[Opening Records to use section]

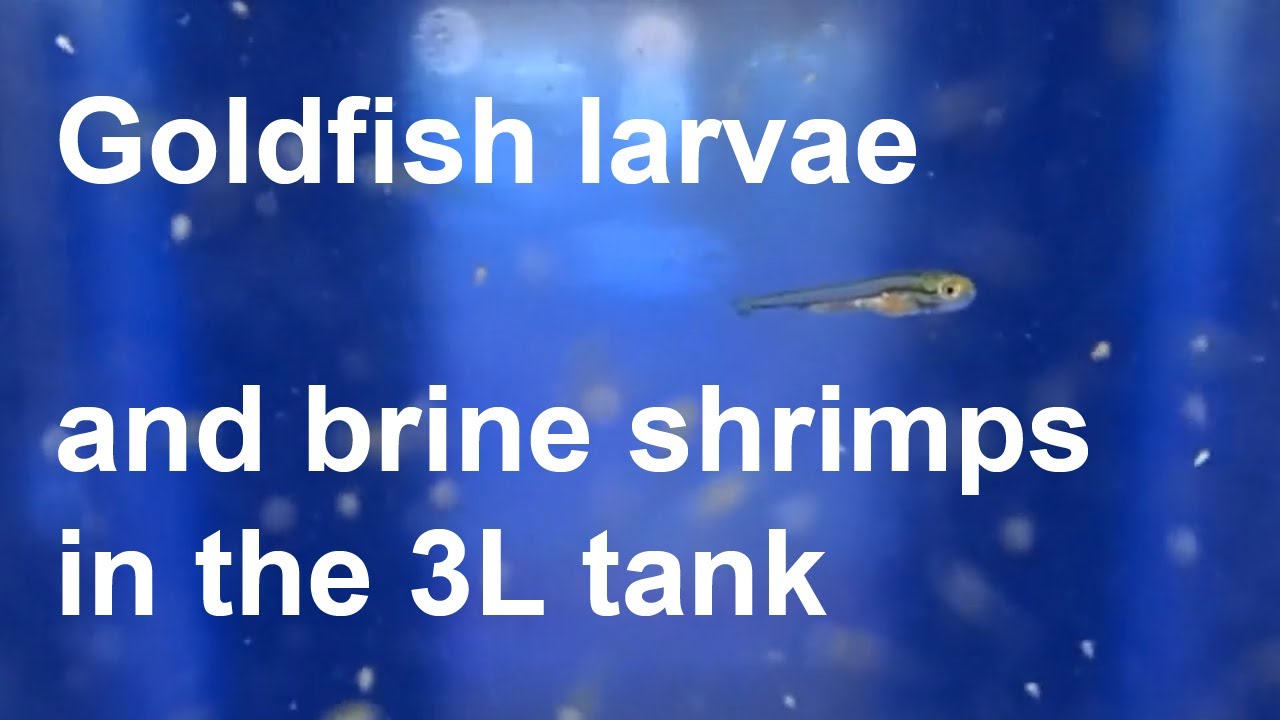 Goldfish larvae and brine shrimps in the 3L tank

[Closing Records to use section]
[Opening Records to use section]

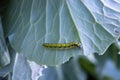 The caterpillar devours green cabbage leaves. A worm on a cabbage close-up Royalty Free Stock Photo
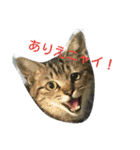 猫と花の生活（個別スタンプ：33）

[Closing Records to use section]

- [Problem statement]
Output only the lines above from the line that holds "The caterpillar devours" through the line that holds "猫と花の生活（個別スタンプ：33）", both ends included, and exclude pictures.

- [Output for this exercise]
 The caterpillar devours green cabbage leaves. A worm on a cabbage close-up Royalty Free Stock Photo
 猫と花の生活（個別スタンプ：33）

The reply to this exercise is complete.